## [Exercise goal]
Please retype the entries below word for word, passing over every picture.
━━━ Provided material
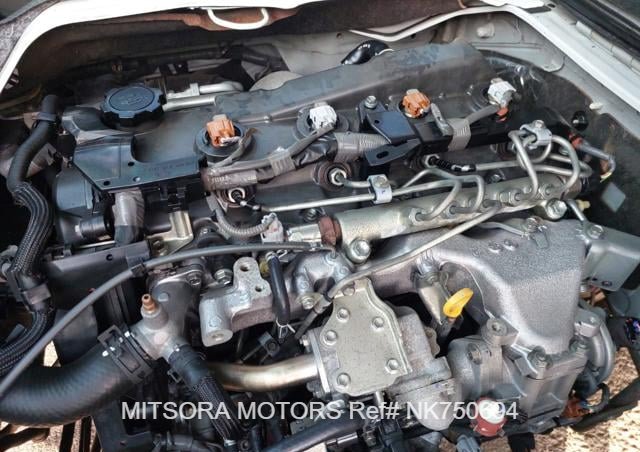 
								2015 TOYOTA HIACE COMMUTER full									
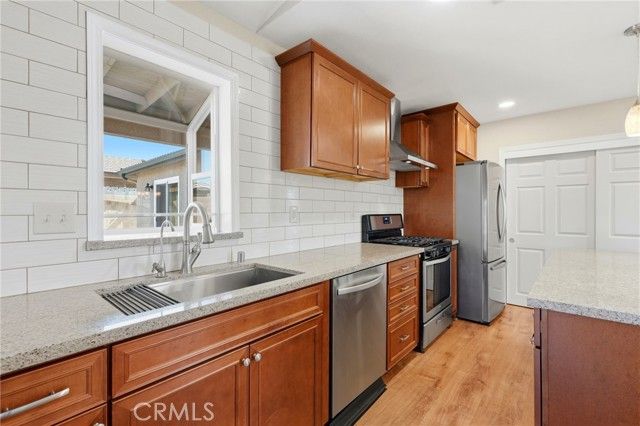 702 Montecito Court, Lemoore, CA 93245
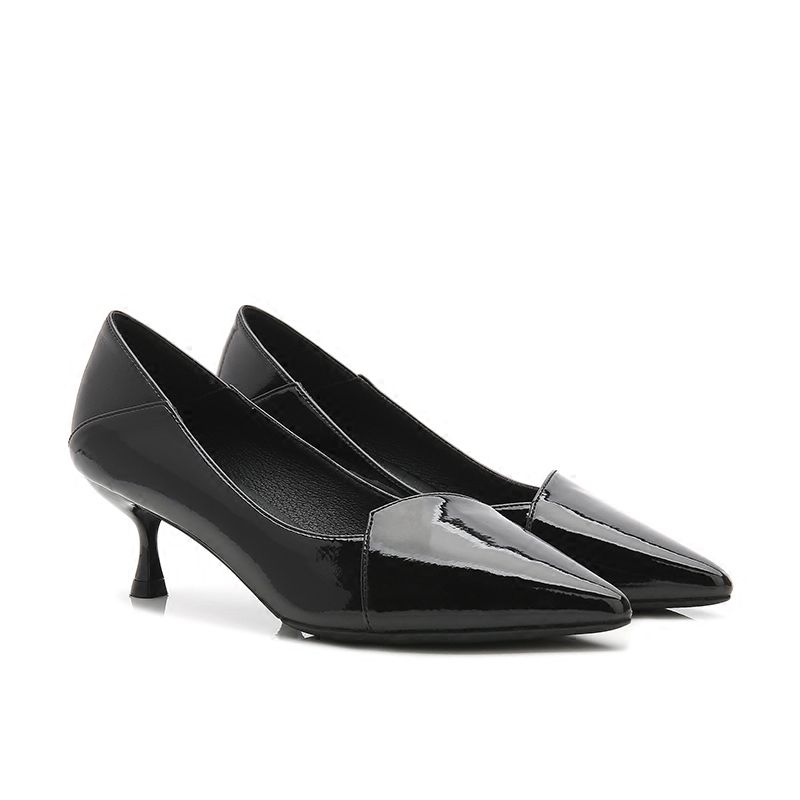 现在的高跟鞋越来越高级了，穿上它迷人至极，穿出凹凸好身材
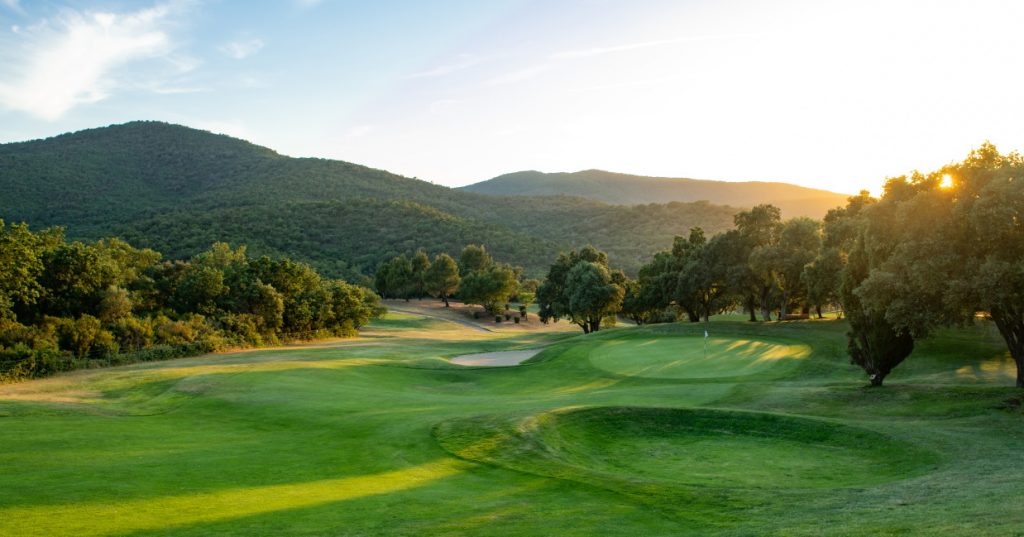 parcours golf roquebrune vue massif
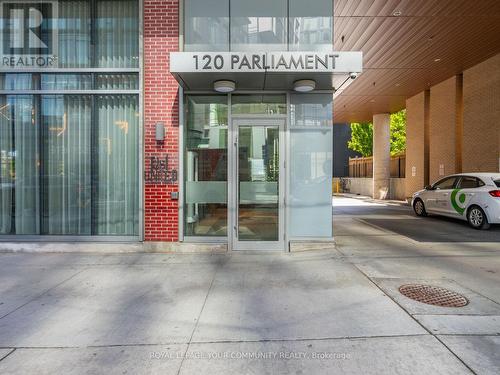 516 - 120 Parliament Street, Toronto (Moss Park), ON - Outdoor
━━━━━━
## [Exercise result]
								2015 TOYOTA HIACE COMMUTER full									
 702 Montecito Court, Lemoore, CA 93245
 现在的高跟鞋越来越高级了，穿上它迷人至极，穿出凹凸好身材
 parcours golf roquebrune vue massif
 516 - 120 Parliament Street, Toronto (Moss Park), ON - Outdoor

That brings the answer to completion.